Most complaints about heat pumps(whether air-to-air or ground-source) are because the systems weren't properly sized; try this little test - open your mouth wide and breathe out onto the back of your wrist - feels warm, right? Now, purse your lips and blow hard on the same spot - feels cool, right? Well, the air coming out of your mouth - both times - is at 98.6 F, but increased rate of flow makes it feel cooler. If a heating system is properly sized, you won't get that 'cold' heat feeling too many folks attribute to a heat pump, when in actuality it's attributable to improper sizing &/or installation.

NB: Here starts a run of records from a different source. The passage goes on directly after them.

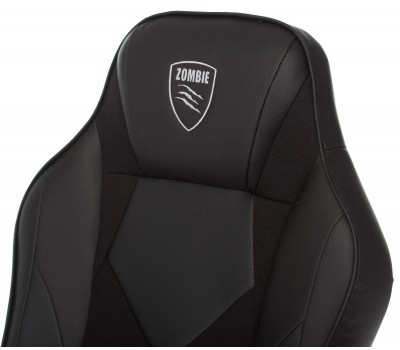 Кресло игровое Zombie GAME 17 черный текстиль/эко.кожа крестовина пластик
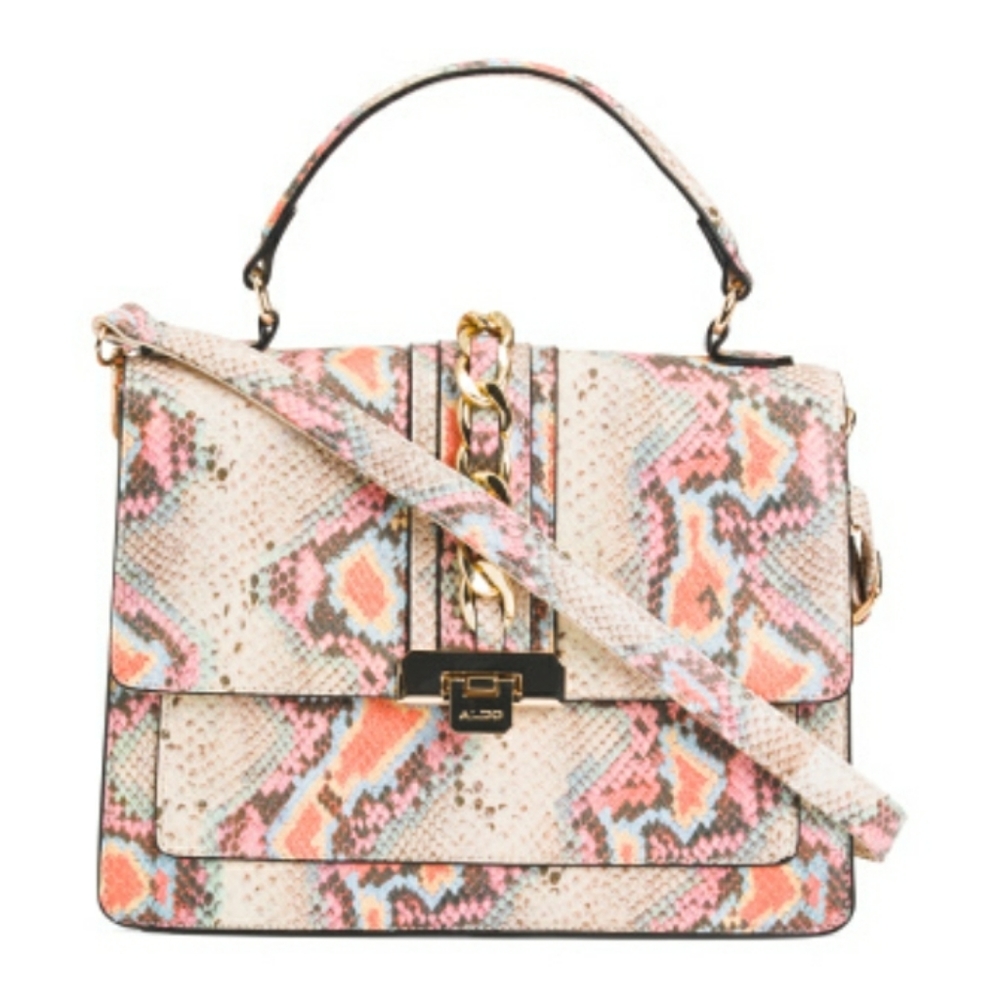 Aldo multi snake print color block satchel - Picture 2 of 4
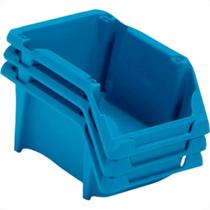 Presto Gaveteiro Empilhaveis Azul 03 - Kit C/12 Pc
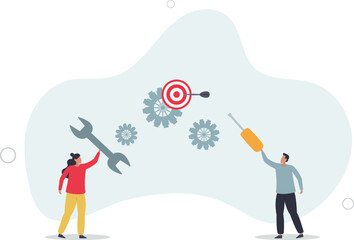 repair service work with gears and target for marketing efficiency monitoring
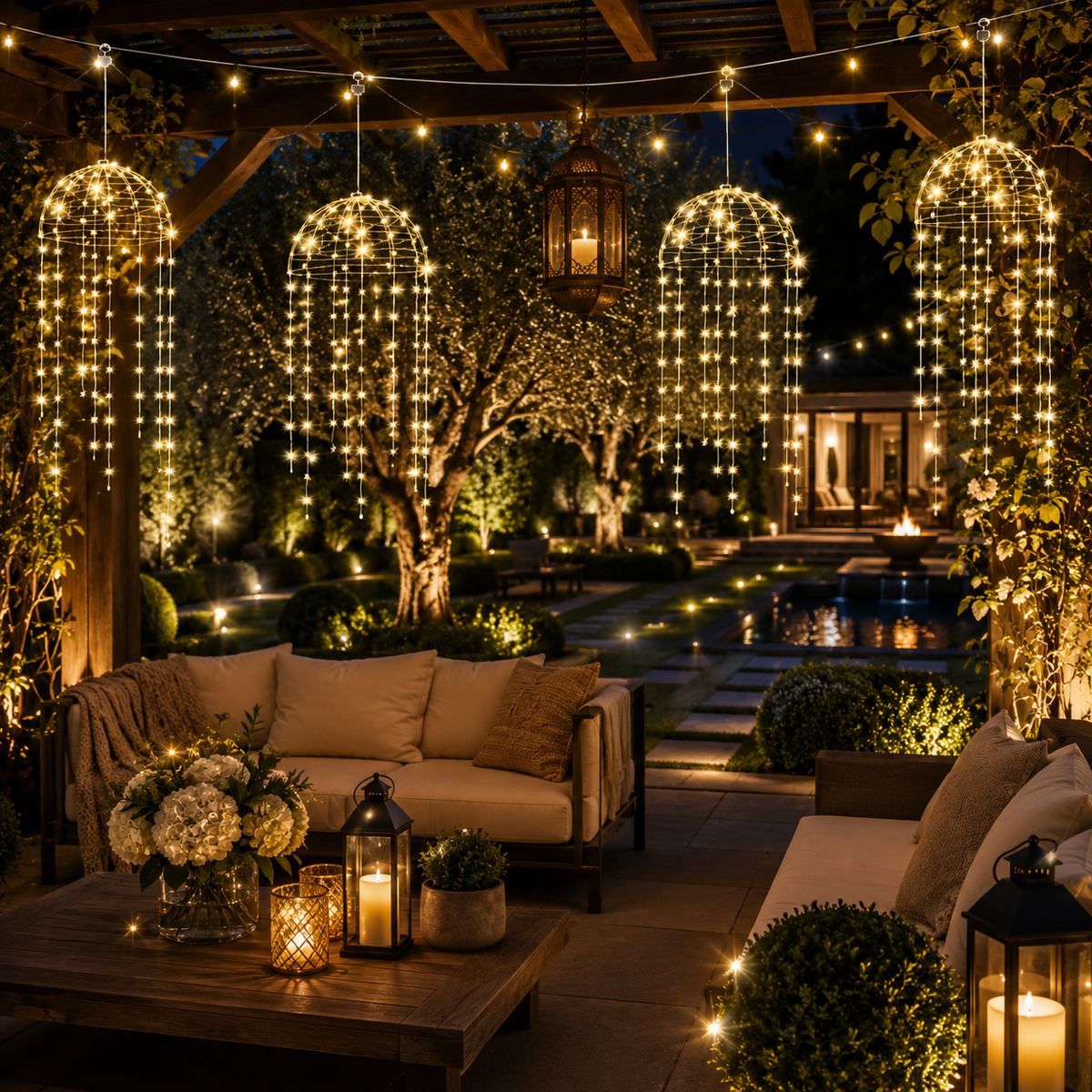 Solar LED Quallen Lichterkette im Garten
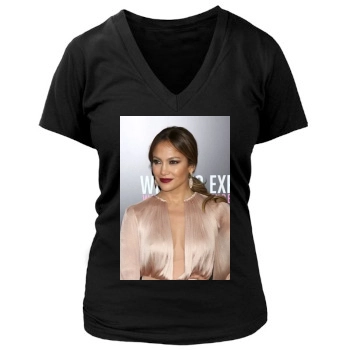 Jennifer Lopez Women's Deep V-Neck TShirt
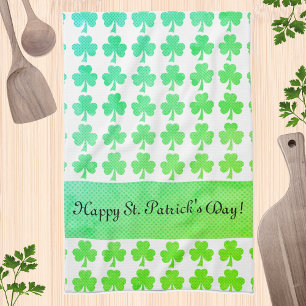 Shamrock St Patrick Day Your text aqua green white Tea Towel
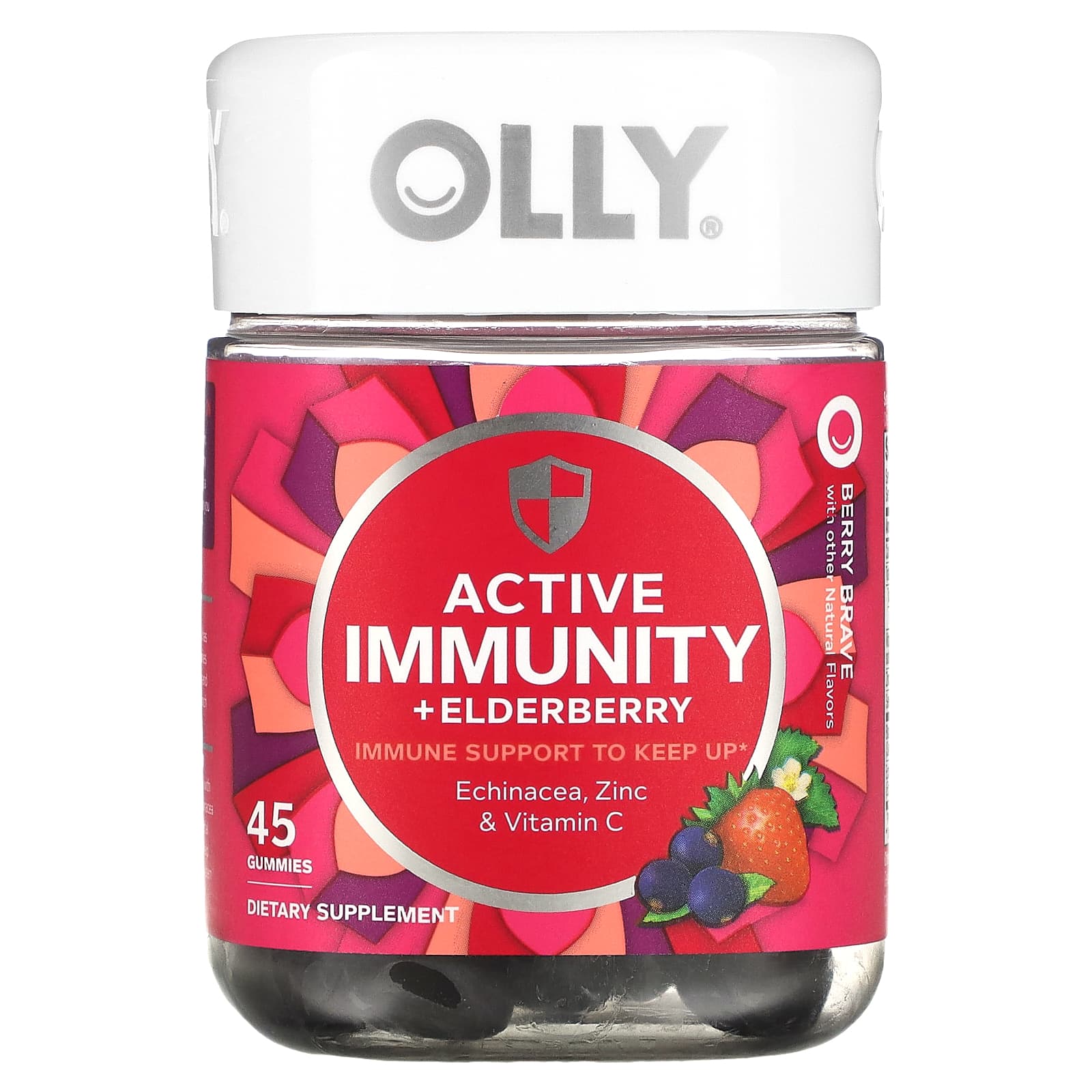 OLLY-Active Immunity + Elderberry-Berry Brave-45 Gummies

An air-to-air heat pump would not be a good choice in SD, and straight electric heat would be cost-prohibitive, I would think.
Typically, geothermal heat pumps are only economically feasible for homes over a certain square-footage - probably below 1800 sq.ft., you'd have a hard time getting it to pay for itself over its lifetime. They're usually quite a bit more expensive to install than a gas or oil furnace or air-to-air heat pump, but are much more energy-efficient to operate - saving you money over the long haul.

An energy audit of your home will identify other things that you can do - adding insulation, caulking around windows/doors, etc. - to improve the comfort level and energy efficiency of any heating/cooling system you install.

Check out the site linked below, as well as info at the CIMA website -

Here is a link that might be useful: Geothermal Consortium.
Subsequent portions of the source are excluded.